• **ABOUT THIS EXERCISE**:
Each line of the listing below must be retyped exactly, with images left out.

• **SOURCE DATA**:
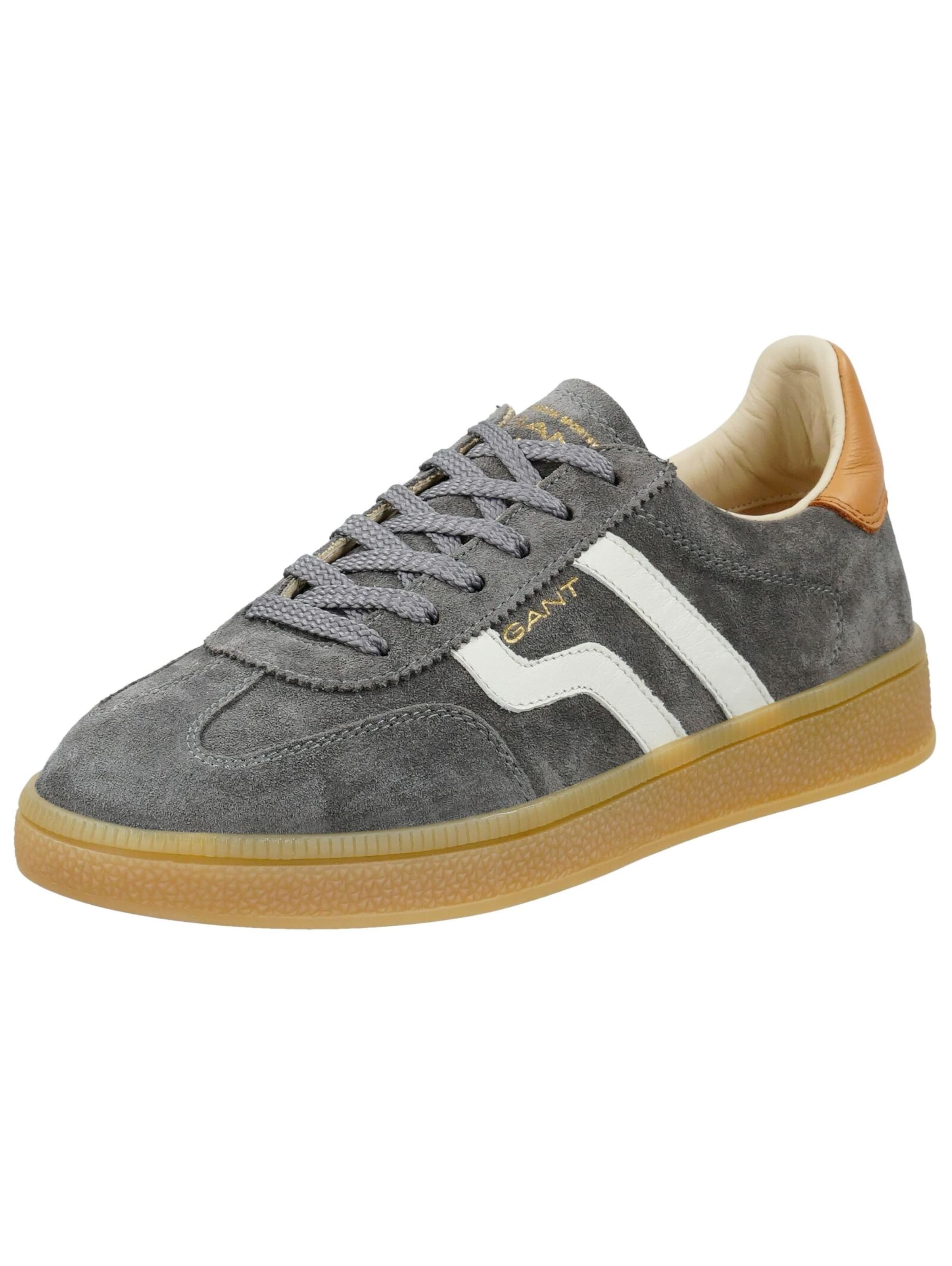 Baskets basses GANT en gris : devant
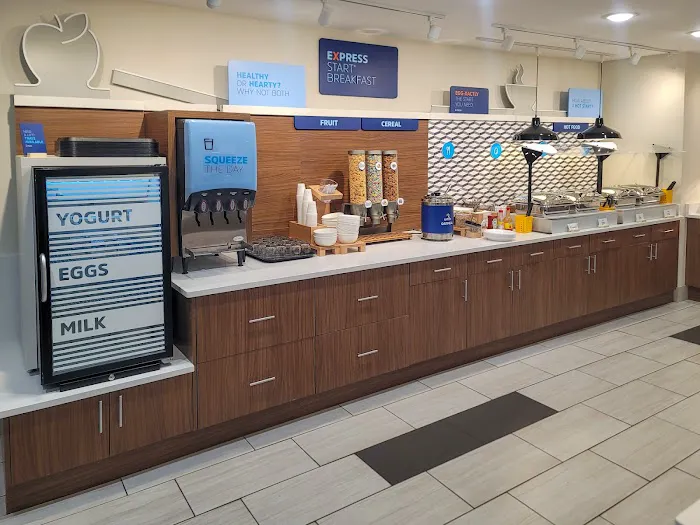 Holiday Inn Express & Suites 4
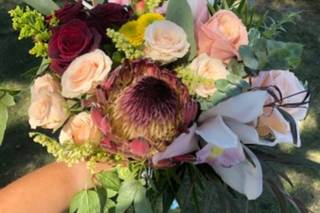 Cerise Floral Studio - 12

• **SOLUTION FOR THIS EXERCISE**:
 Baskets basses GANT en gris : devant
 Holiday Inn Express & Suites 4
 Cerise Floral Studio - 12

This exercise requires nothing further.